3) Why are Bulgakov's plays staged so often? Presumably because we have not enough of our own plays suitable for staging. For lack of the genuine article, even "Days of the Turbins" is accepted instead. Of course, it is very easy to "criticise" and to demand the banning of non-proletarian literature. But what is easiest must not be considered the best. It is not a matter of banning but of step by step ousting the old and new non-proletarian trash from the stage by competing against it, by creating genuine, interesting, artistic Soviet plays capable of replacing it. Competition is a big and serious matter, because only in an atmosphere of competition can we arrive at the formation and crystallisation of our proletarian literature.
As to "Days of the Turbins" itself, it is not such a bad play, because it does more good than harm. Don't forget that the chief impression it leaves with the spectator is one that is favourable to the Bolsheviks: "If even such people as the Turbins are compelled to lay down their arms and submit to the will of the people because they realise that their cause is definitely lost, then the Bolsheviks must be invincible and there is nothing to be done about it." "Days of the Turbins" is a demonstration of the all-conquering power of Bolshevism.
Of course, the author is altogether "innocent" of this demonstration. But that is not our affair.
4) It is true that Comrade Svidersky very often commits the most incredible mistakes and distortions. But it is also true that the Repertory Committee in its work commits at least as many mistakes, though of an opposite nature. Recall "Crimson Island," "Conspiracy of the Equals" and the similar trash that for some reason or other is so readily sanctioned for the really bourgeois Kamerny Theatre.
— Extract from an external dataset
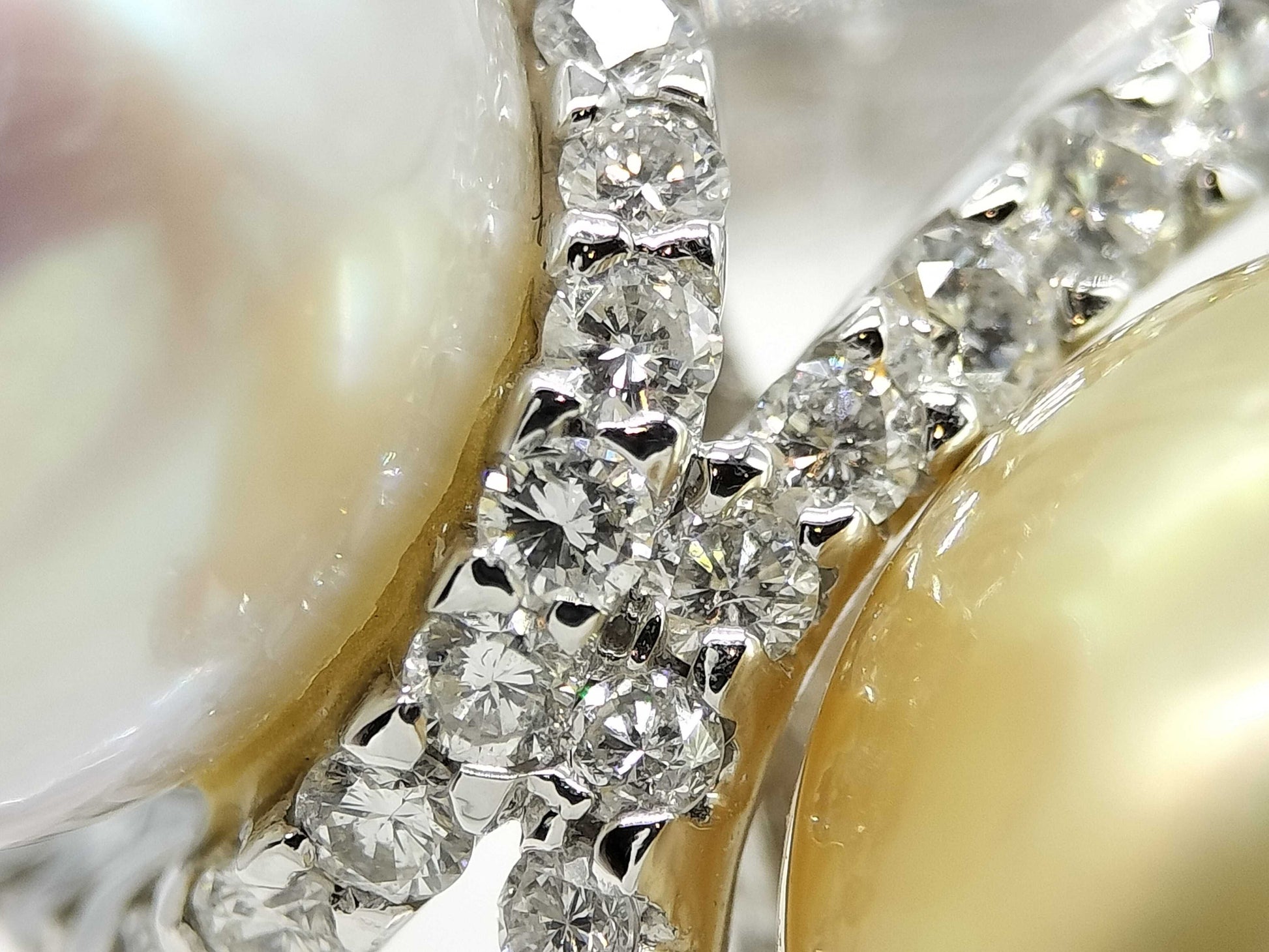 South Sea Pearl Diameter: Approx. 12.0mm / South Sea Pearl Diameter: Approx. 13.5mm, D1.03ct, 18K Gold, 14.0g, Ring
5) As to the "rumours" about "liberalism," let us rather not talk about that—you would do better to leave "rumours" to the gossiping wives of Moscow traders.
February 2, 1929
1. "Golovanovism" manifested itself in attempts on the part of a certain section of the theatrical profession to transplant the old, bourgeois habits and methods of work to the Soviet theatre. In 1926-28 a group of actors of the Bolshoi Theatre, headed by orchestra conductor Golovanov, opposed the reform of the theatre's repertory in conformity with the higher standards and requirements of the broad strata of the working people and the tasks of socialist development. The group took up a hostile attitude to the general body of the theatre and refused to promote young talent. Measures taken by the Party for the reconstruction of the work of the Soviet theatres resulted in "Golovanovism" being overcome.